● ASSIGNMENT
The answer must consist solely of the lines from the one with "KAKAMINA Painters Tape" through the last line of the data, copied exactly, with no pictures.

● DATA EXCERPT
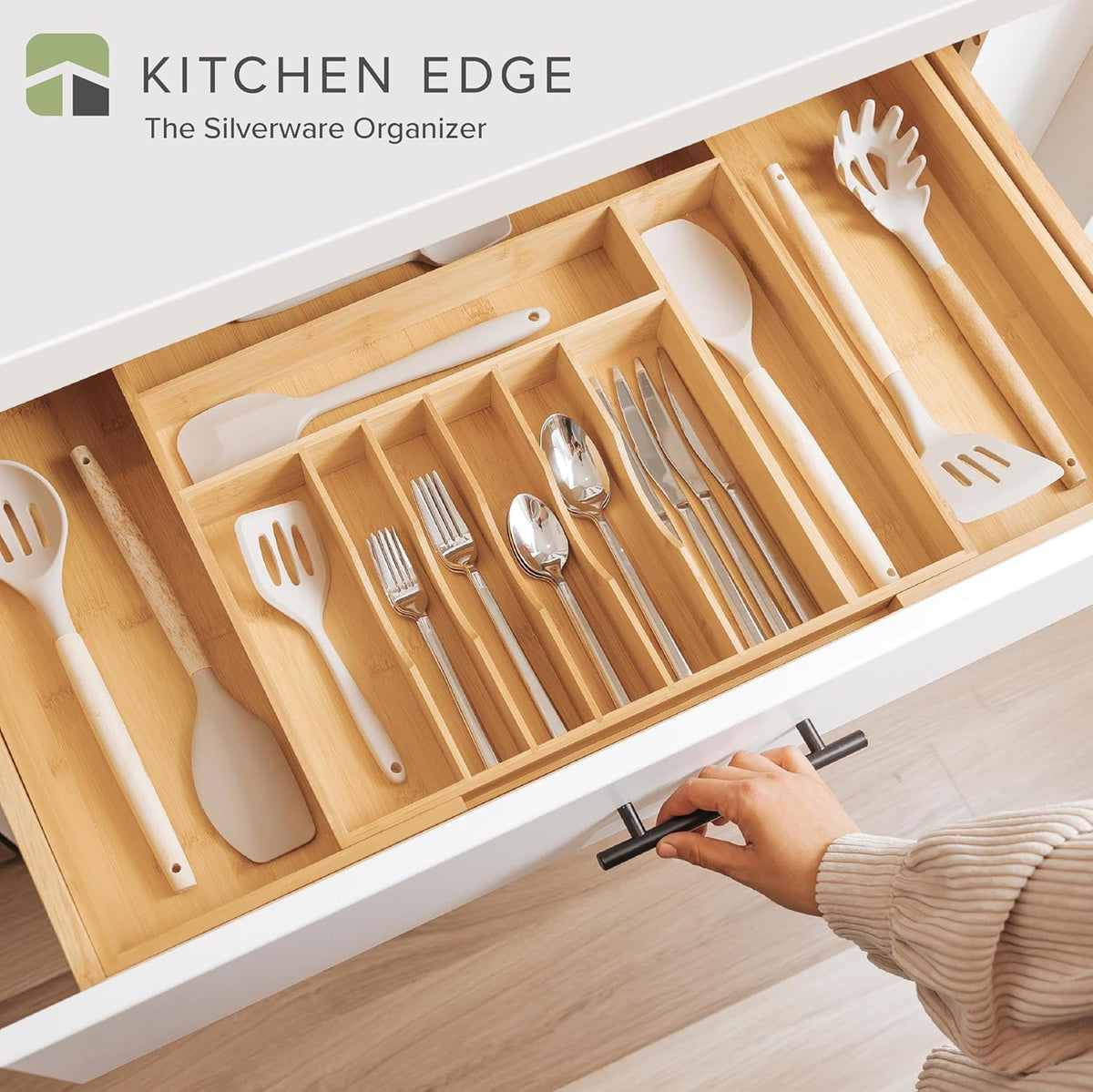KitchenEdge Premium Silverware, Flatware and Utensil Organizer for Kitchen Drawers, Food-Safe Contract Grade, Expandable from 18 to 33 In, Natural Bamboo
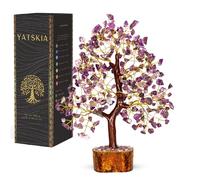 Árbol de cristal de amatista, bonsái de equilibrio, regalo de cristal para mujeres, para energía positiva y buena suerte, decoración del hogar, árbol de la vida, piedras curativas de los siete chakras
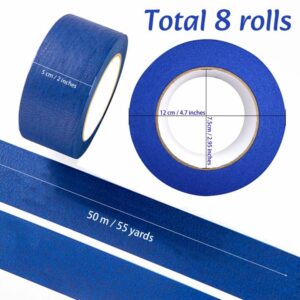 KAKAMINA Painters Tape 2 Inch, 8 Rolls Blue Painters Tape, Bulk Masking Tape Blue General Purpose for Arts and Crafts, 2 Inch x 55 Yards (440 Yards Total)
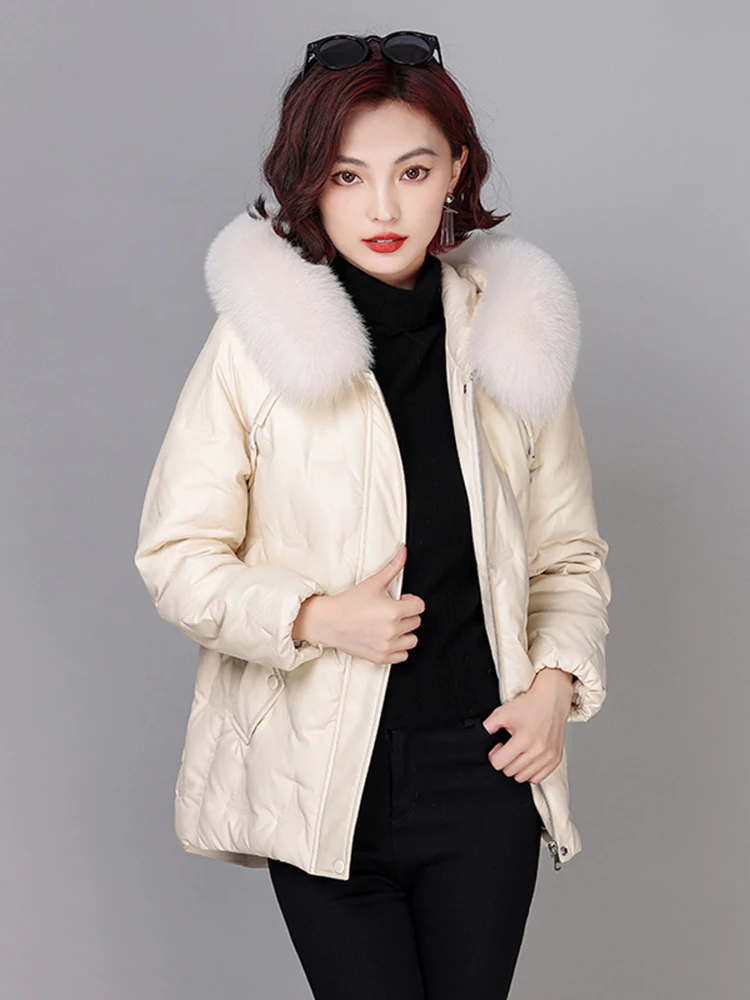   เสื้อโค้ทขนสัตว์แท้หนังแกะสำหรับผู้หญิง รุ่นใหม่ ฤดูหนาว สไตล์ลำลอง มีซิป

● REPLY TO THE EXERCISE
 KAKAMINA Painters Tape 2 Inch, 8 Rolls Blue Painters Tape, Bulk Masking Tape Blue General Purpose for Arts and Crafts, 2 Inch x 55 Yards (440 Yards Total)
   เสื้อโค้ทขนสัตว์แท้หนังแกะสำหรับผู้หญิง รุ่นใหม่ ฤดูหนาว สไตล์ลำลอง มีซิป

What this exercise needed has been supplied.